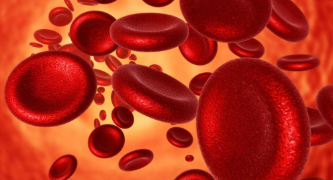 শৰীৰত হিমগ্লবিনৰ মাত্ৰা কমি গৈছে? খাদ্যৰ তালিকাত কি কি ৰাখিব?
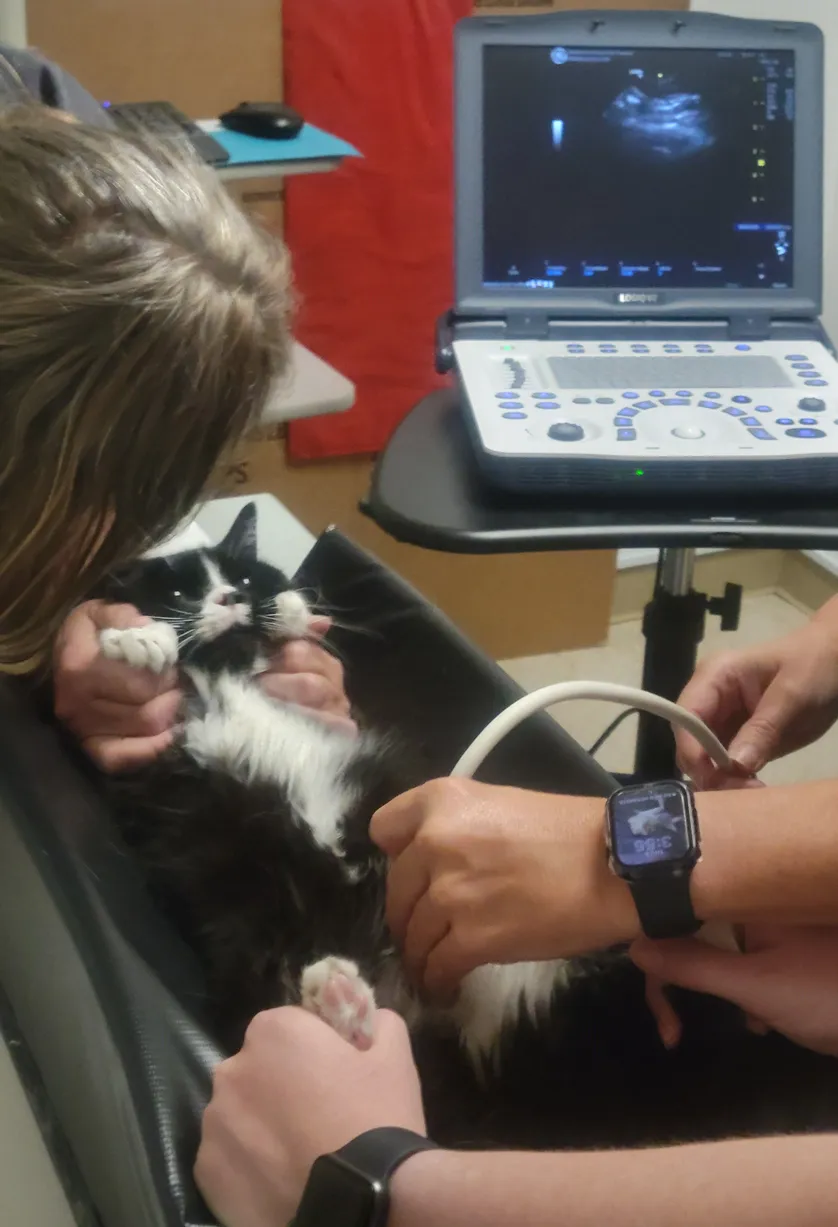 Ultrasound Imaging of a feline patient.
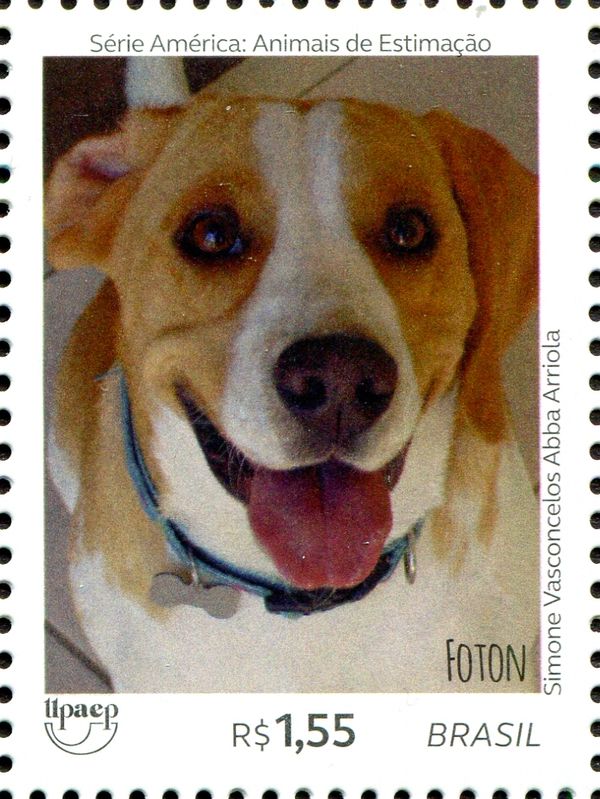 Dogs - Foton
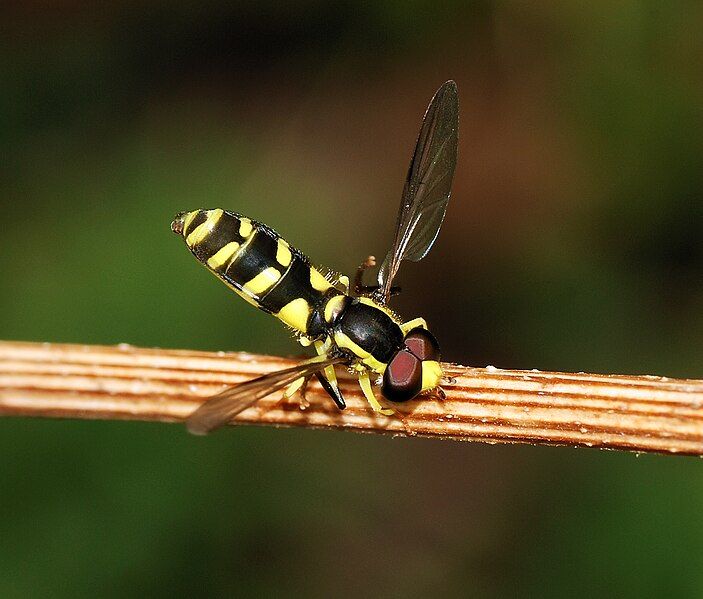 File:Hoverfly September 2007-9.jpg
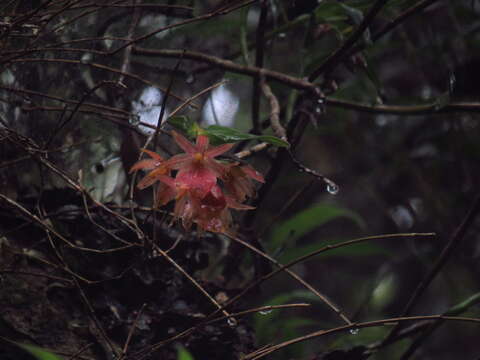 Image of Epidendrum arevaloi (Schltr.) Hágsater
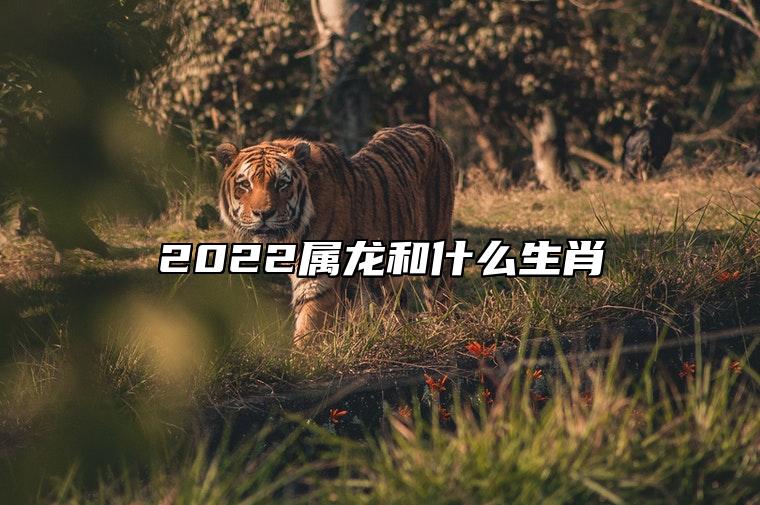 2022属龙和什么生肖 互相吸引天生一对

**Exercise objective**
Copy the whole of the material above exactly, but not its images.

**Result of the exercise**
 শৰীৰত হিমগ্লবিনৰ মাত্ৰা কমি গৈছে? খাদ্যৰ তালিকাত কি কি ৰাখিব?
 Ultrasound Imaging of a feline patient.
 Dogs - Foton
 File:Hoverfly September 2007-9.jpg
 Image of Epidendrum arevaloi (Schltr.) Hágsater
 2022属龙和什么生肖 互相吸引天生一对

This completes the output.